Saudi Arabia Dominates Project Finance

Project financing is booming in Saudi Arabia, which leads the Middle East in deals, with a total of eight in 2015, worth more than $13 billion.

The figure, from Thomson Reuters, represents an increase of 193% from a year earlier, despite low oil prices that are squeezing exporting countries across the region.

The biggest project by far was Petro Rabigh’s ongoing $8.1 billion expansion of its refining and petrochemical complex on Saudi Arabia’s Red Sea coast north of Jeddah. Japan Bank for International Cooperation, Saudi Arabia’s Public Investment Fund and a group of 19 financial institutions participated in the deal. An earlier phase of the project was completed in 2008 at a cost of more than $10 billion.

Petro Rabigh was established in 2005 as a joint venture of Saudi Aramco and Sumitomo Chemical. It is now listed on the Saudi Stock Exchange.

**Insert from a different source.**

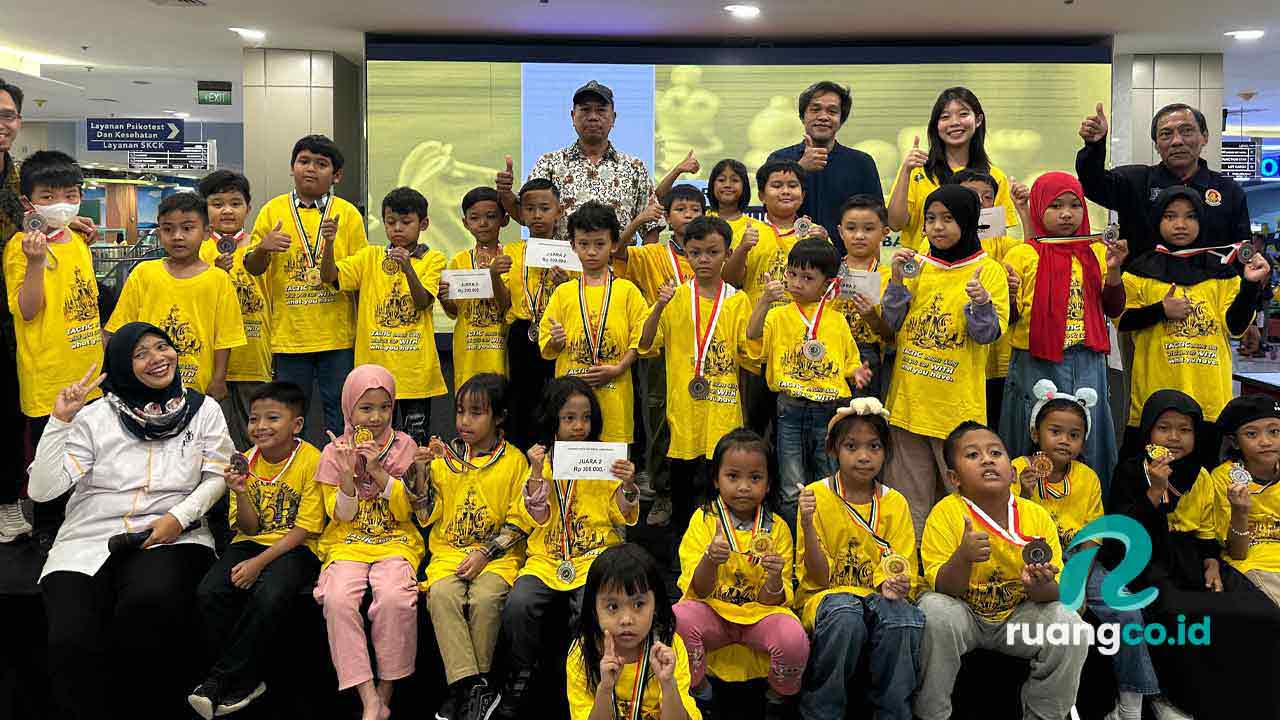 Geliat Catur Anak Surabaya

“Our project finance advisory business is still witnessing healthy deal activity in strategic infrastructure and power projects, and we expect it to continue,” says Omar Mehanna, managing director and head of merchant banking at National Bank of Abu Dhabi.

Saudi mining company Ma’aden won second place among project financings last year, with a $3.1 billion phosphate chemical project in Umm Wu’al, near the kingdom’s northern border with Jordan.

Across the Middle East, the United Arab Emirates financed $1.2 billion of projects in 2015, followed by Oman, with $910 million, and Qatar with $860 million.